** Opening DATA IN THIS EXERCISE block **

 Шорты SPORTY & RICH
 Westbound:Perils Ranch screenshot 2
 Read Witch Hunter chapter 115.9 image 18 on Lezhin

** Closing DATA IN THIS EXERCISE block **
** Opening DATA IN THIS EXERCISE block **

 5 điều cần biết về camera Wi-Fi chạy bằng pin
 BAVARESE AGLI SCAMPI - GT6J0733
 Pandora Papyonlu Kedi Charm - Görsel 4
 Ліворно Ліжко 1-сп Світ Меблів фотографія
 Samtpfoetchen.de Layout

** Closing DATA IN THIS EXERCISE block **
** Opening DATA IN THIS EXERCISE block **

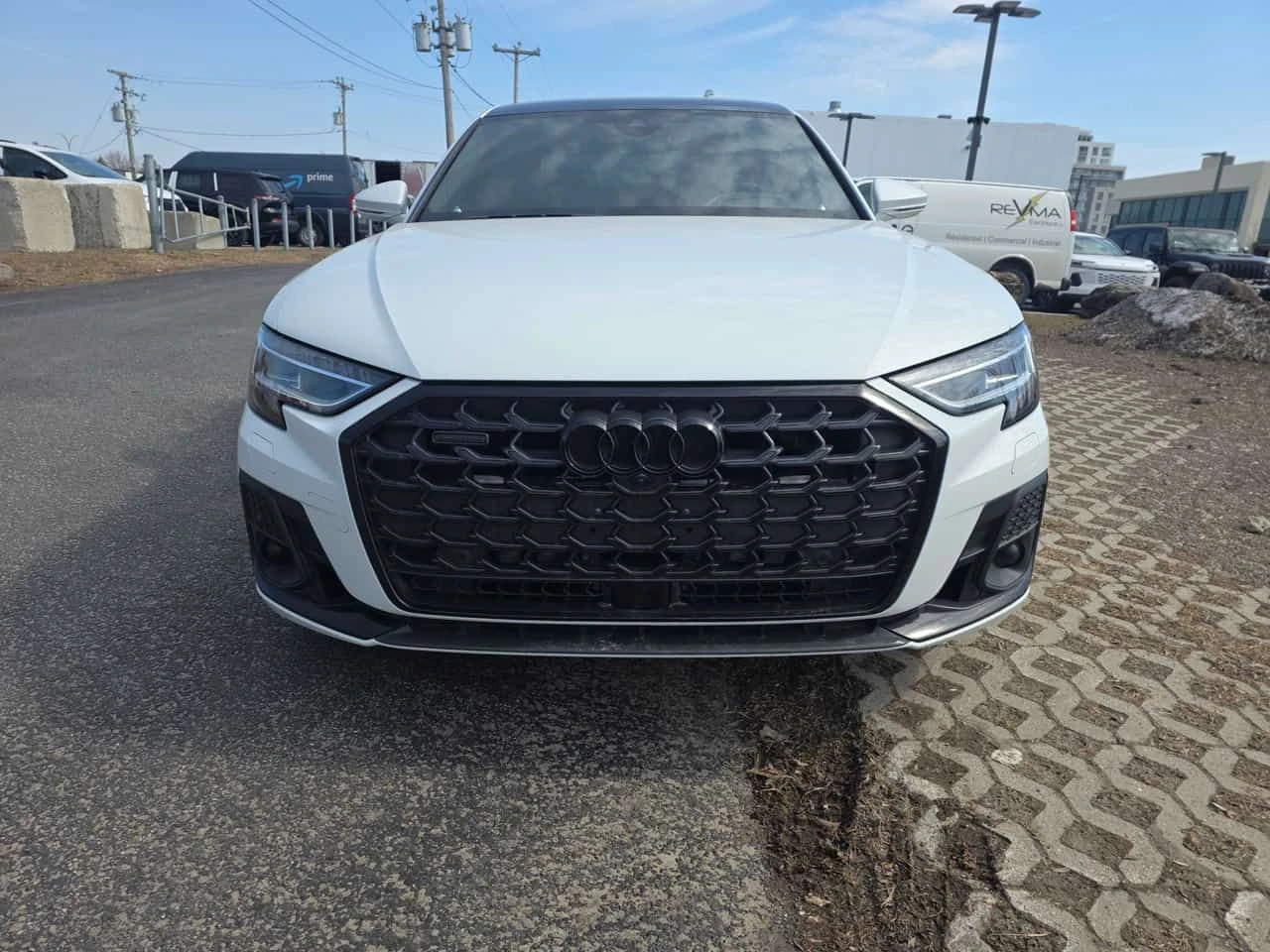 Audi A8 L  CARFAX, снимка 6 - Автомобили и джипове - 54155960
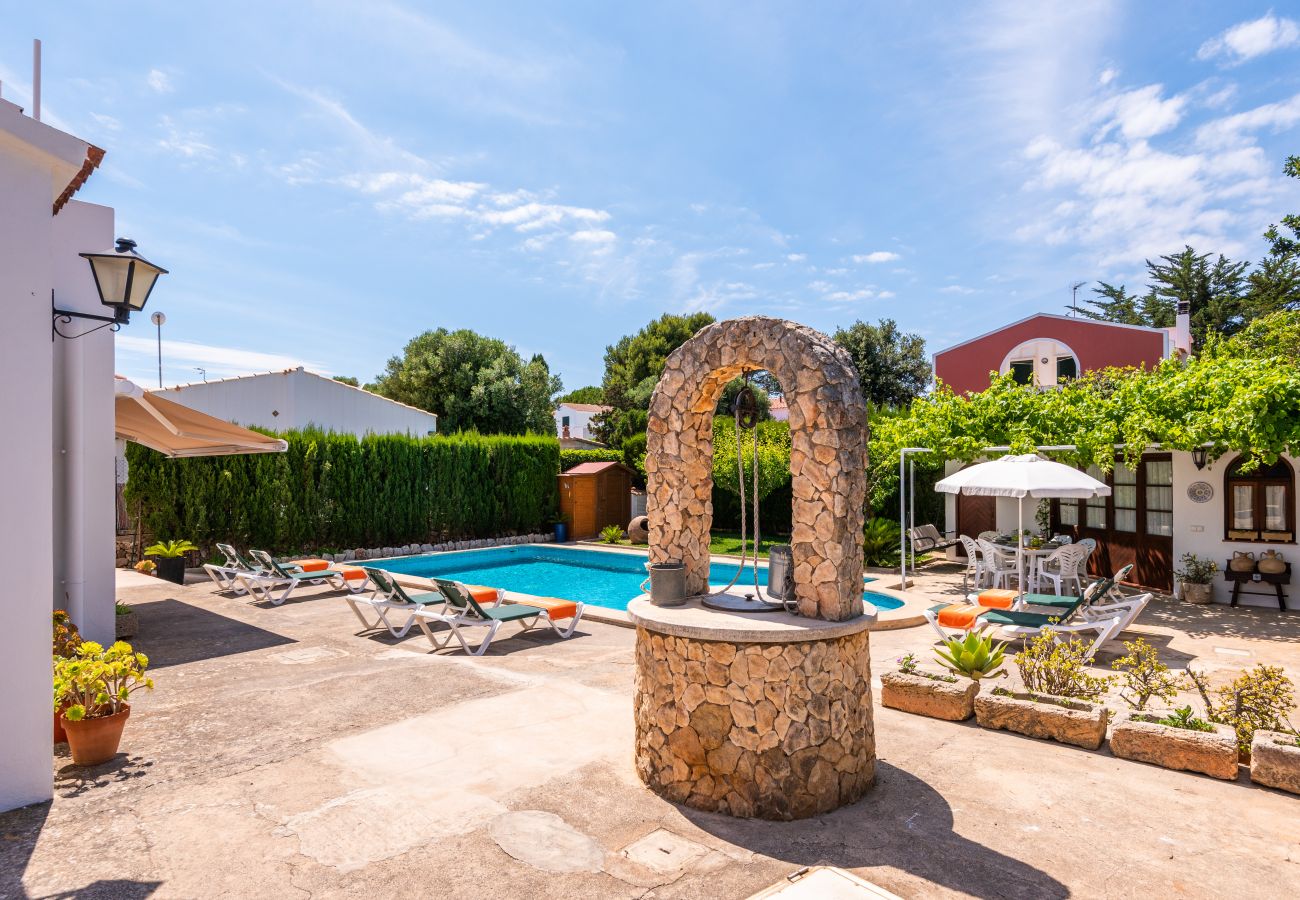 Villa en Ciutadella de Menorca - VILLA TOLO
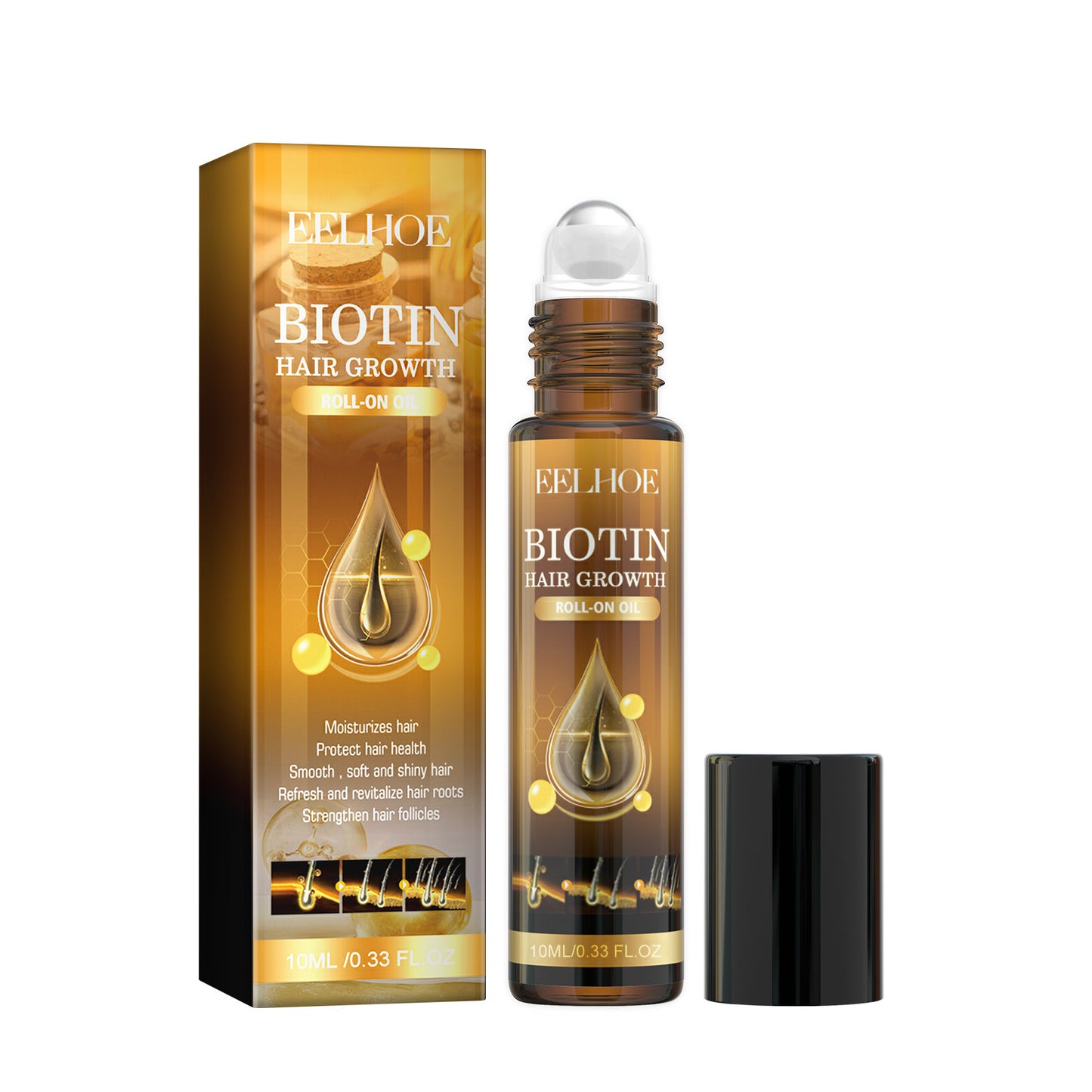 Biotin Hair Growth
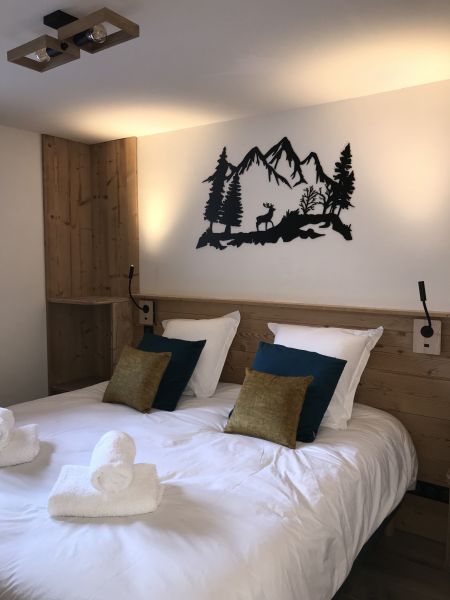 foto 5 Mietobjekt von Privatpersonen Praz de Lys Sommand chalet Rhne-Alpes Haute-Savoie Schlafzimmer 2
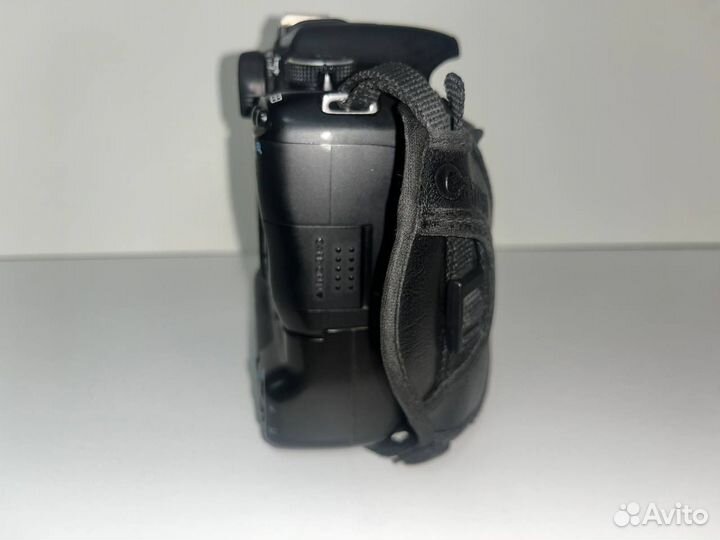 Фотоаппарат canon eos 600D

** Closing DATA IN THIS EXERCISE block **

WHAT THE EXERCISE ASKS – Here the job is to copy the stretch of records from the line containing "джипове - 54155960" through the line containing "Фотоаппарат canon eos 600D", word for word. Leave every picture out.

FINISHED EXERCISE –
 Audi A8 L  CARFAX, снимка 6 - Автомобили и джипове - 54155960
 Villa en Ciutadella de Menorca - VILLA TOLO
 Biotin Hair Growth
 foto 5 Mietobjekt von Privatpersonen Praz de Lys Sommand chalet Rhne-Alpes Haute-Savoie Schlafzimmer 2
 Фотоаппарат canon eos 600D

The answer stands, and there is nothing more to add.